Allein – mit Gehirnekzem.

Endlich allein. Wunderbar! Nur ist es nicht ganz das, was ich erwartet hatte. Wenn ich doch nur mit Gott allein wäre!

Wuff! Wuff, wuff!

Mit geschlossenen Augen zaubere ich mir ihr Bild her. Es schwimmt in der Dunkelheit, eine Maske, die aus dem Gischt auftaucht: Der Tilla Durieux-bouche, der sich wie ein Bogen spannt, weiße gleichmäßige Zähne, die Augen dunkel unterlegt, die Lider ein dickflüssiges, glitzerndes Blau. Das Haar fällt wild und dicht, schwarz wie Ebenholz. Die Schauspielerin aus den Karpaten und der Wiener Mansardenwohnung. Wie Venus dem Flachland Brooklyns entstiegen.

Wuff! Wuff wuff! Wuff! Wuff!

Ich schreie, aber für alle Welt klingt es wie ein Geflüster.

Ich heiße Isaac Staub. Ich bin in Dantes fünftem Himmel. Wie Strindberg in seinem Delirium wiederhole ich: «Was macht es, ob man der einzige ist oder noch einen Nebenbuhler hat? Was will das besagen?»

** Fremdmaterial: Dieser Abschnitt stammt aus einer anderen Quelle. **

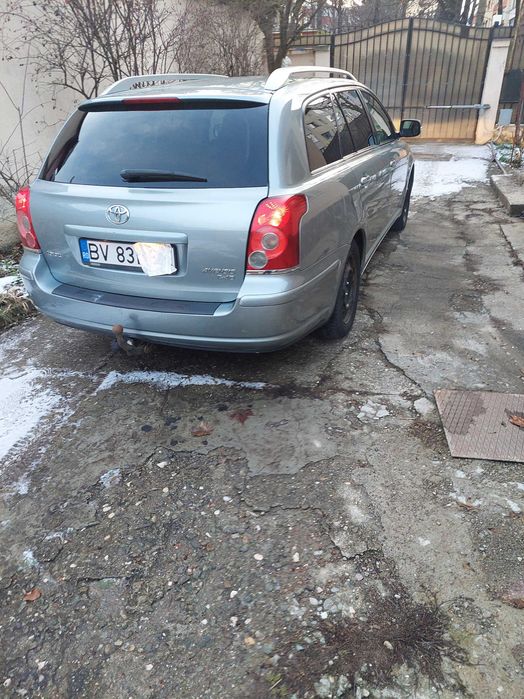 TOYOTA Avensis 2007 — imagine 4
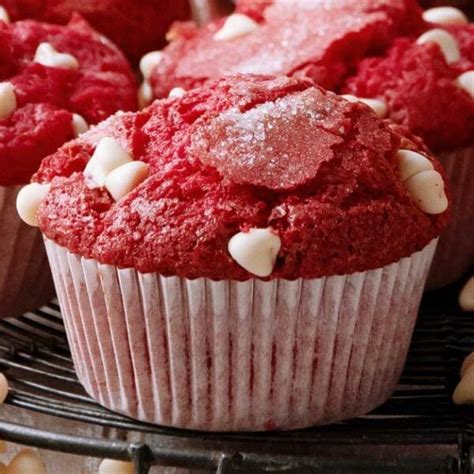 Red Velvet Muffins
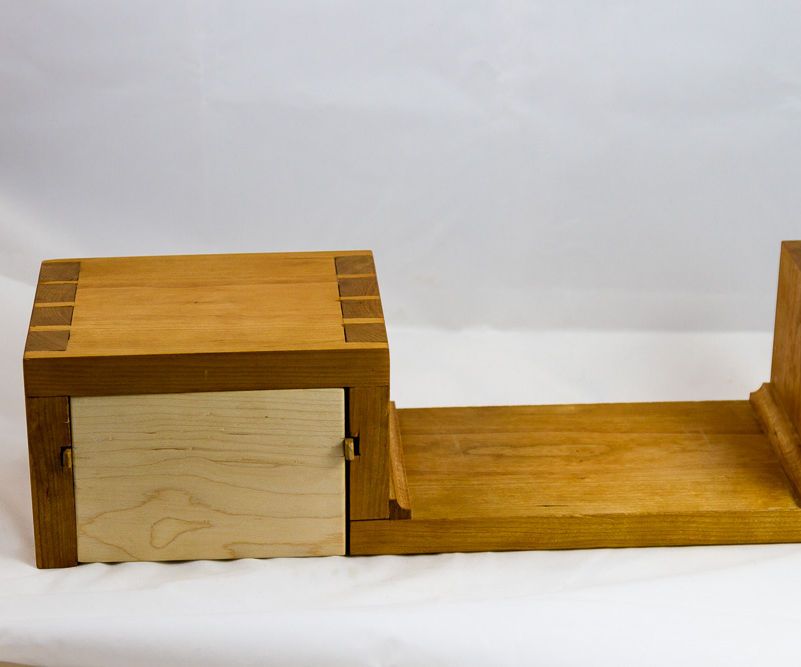 Dovetailed Wall Shelf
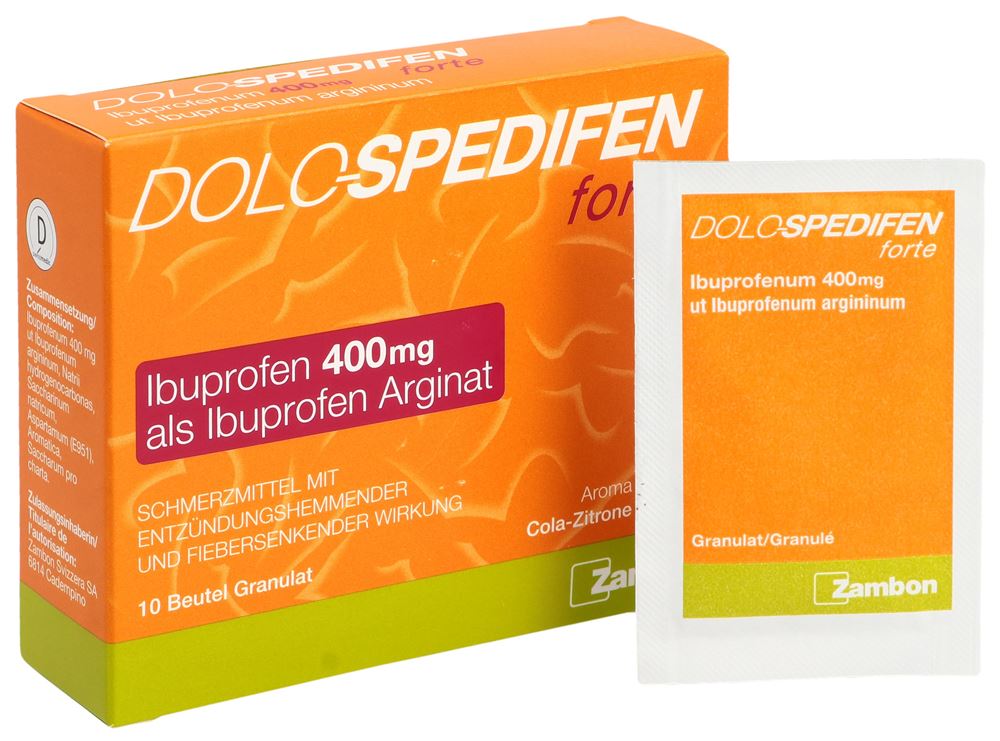 DOLO-SPEDIFEN forte 400 mg, image 2 sur 5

Warum fallen mir plötzlich diese sonderbaren Namen ein? Alles Klassenkameraden von der lieben alten Alma mater: Morton Schnadig, William Marvin, Israel Siegel, Bernard Pistner, Louis Schneider, Clarence Donohue, William Overend, John Kurtz, Pat McCaffrey, William Korb, Arthur Convissar, Sally Liebowitz, Frances Glanty. Keiner von ihnen hat bisher den Kopf gehoben. Aus dem Hauptbuch gestrichen. Unschädlich gemacht wie Schlangengezücht.

«Seid ihr da, Kameraden?»

Keine Antwort.

Bist du's, lieber August, der da im Dunkeln den Kopf hebt? Ja, es ist Strindberg, der Strindberg, dem zwei Hörner auf der Stirn sprossen.Le cocu magnifique.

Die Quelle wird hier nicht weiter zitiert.